### AVAILABLE DATA

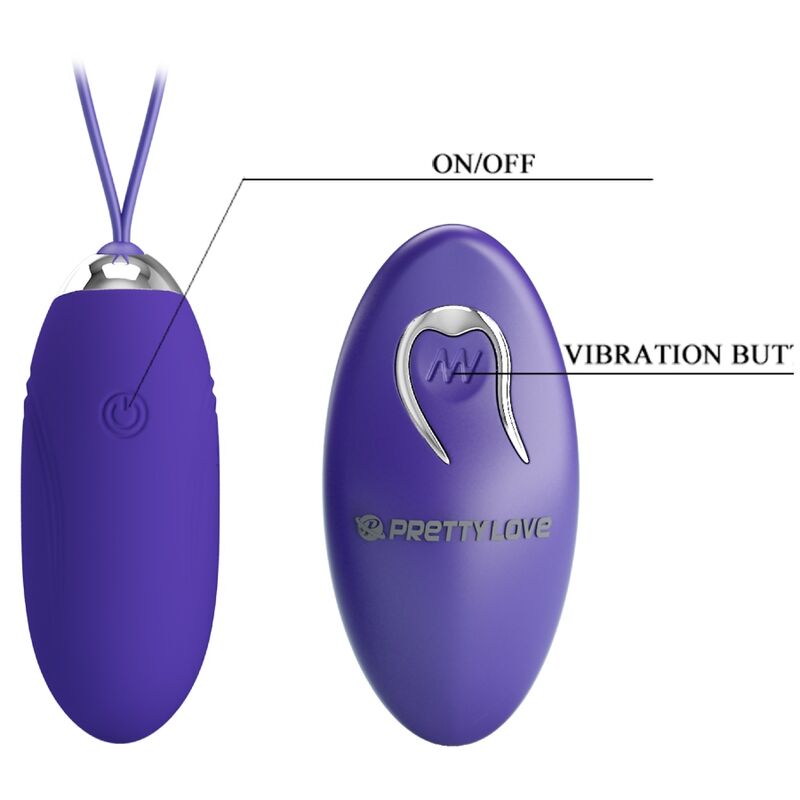 PRETTY LOVE - JENNY YOUTH VIOLATING EGG TÉLÉCOMMANDE VIOLET - Sensualia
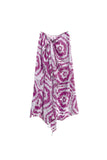 Happy Hippie Print Poolside Maxi Coverup Dress in Purple-Pink
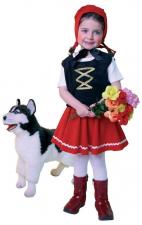 Accessoires:Déguisement du Petit Chaperon Rouge : jupe, débardeur, bonnet:multicolore 116-128 cm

### WORK INSTRUCTIONS
Copy out every line of the material above precisely, omitting the pictures.

### ANSWER TO THIS EXERCISE
 PRETTY LOVE - JENNY YOUTH VIOLATING EGG TÉLÉCOMMANDE VIOLET - Sensualia
 Happy Hippie Print Poolside Maxi Coverup Dress in Purple-Pink
 Accessoires:Déguisement du Petit Chaperon Rouge : jupe, débardeur, bonnet:multicolore 116-128 cm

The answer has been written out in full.